Born in the USA in 1941
Bruce Nauman is recognised as one of the most important and influential figures in contemporary art. An artist of conceptual works in the form of sculptures, photographs or drawings, in the 1960s and 1970s Nauman was the author of a seminal corpus of films and videos that are among the most innovative contributions to media art. In these conceptual pieces, Nauman uses his body as an artistic object, often resorting to the execution of repetitive real-time performance actions in his studio.
Taking full advantage of the phenomenology of the early video medium in which immediacy, intermediality and intimacy are emphasised in his gestures, Nauman investigates the very process of artistic creation.

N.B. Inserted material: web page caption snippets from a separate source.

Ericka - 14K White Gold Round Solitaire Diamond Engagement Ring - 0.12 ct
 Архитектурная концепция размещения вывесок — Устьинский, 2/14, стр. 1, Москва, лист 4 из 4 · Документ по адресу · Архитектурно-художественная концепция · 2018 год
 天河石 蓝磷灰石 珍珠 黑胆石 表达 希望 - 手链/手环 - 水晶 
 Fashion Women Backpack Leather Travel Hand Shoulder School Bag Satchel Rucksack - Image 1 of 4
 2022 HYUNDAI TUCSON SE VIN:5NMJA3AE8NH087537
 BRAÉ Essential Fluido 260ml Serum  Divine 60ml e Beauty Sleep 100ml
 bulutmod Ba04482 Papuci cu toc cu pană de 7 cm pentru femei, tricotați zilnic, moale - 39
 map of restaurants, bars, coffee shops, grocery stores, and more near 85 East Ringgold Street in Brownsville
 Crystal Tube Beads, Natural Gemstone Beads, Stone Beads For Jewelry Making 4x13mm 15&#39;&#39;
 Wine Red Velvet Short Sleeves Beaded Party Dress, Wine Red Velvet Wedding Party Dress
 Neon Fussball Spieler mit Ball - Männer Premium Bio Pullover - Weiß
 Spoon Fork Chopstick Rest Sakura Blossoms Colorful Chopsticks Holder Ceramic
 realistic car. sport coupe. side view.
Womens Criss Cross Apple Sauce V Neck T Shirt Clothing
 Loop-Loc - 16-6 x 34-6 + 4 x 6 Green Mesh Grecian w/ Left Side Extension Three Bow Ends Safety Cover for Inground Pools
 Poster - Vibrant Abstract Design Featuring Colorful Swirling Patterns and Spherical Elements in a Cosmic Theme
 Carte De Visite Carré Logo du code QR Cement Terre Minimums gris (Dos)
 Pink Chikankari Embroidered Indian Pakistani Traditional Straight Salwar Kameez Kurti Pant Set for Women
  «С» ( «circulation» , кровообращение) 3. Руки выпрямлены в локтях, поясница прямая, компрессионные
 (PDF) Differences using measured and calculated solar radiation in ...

Bruce Nauman was born in 1941 in Fort Wayne, Indiana. In 2009 he exhibited his work in the United States Pavilion at the 53rd Venice Biennale, where he won the Golden Lion. He has won numerous distinctions and awards throughout his career. Nauman’s work has been shown in a number of major retrospectives and solo exhibitions, most notably at the Museo Nacional Centro de Arte Reina Sofía, Madrid; Tate Liverpool, UK; MoMA-The Museum of Modern Art, New York; Hayward Gallery, London; Hamburger Bahnhof, Berlin; Dia Center for the Arts, New York; and Sperone Westwater, New York.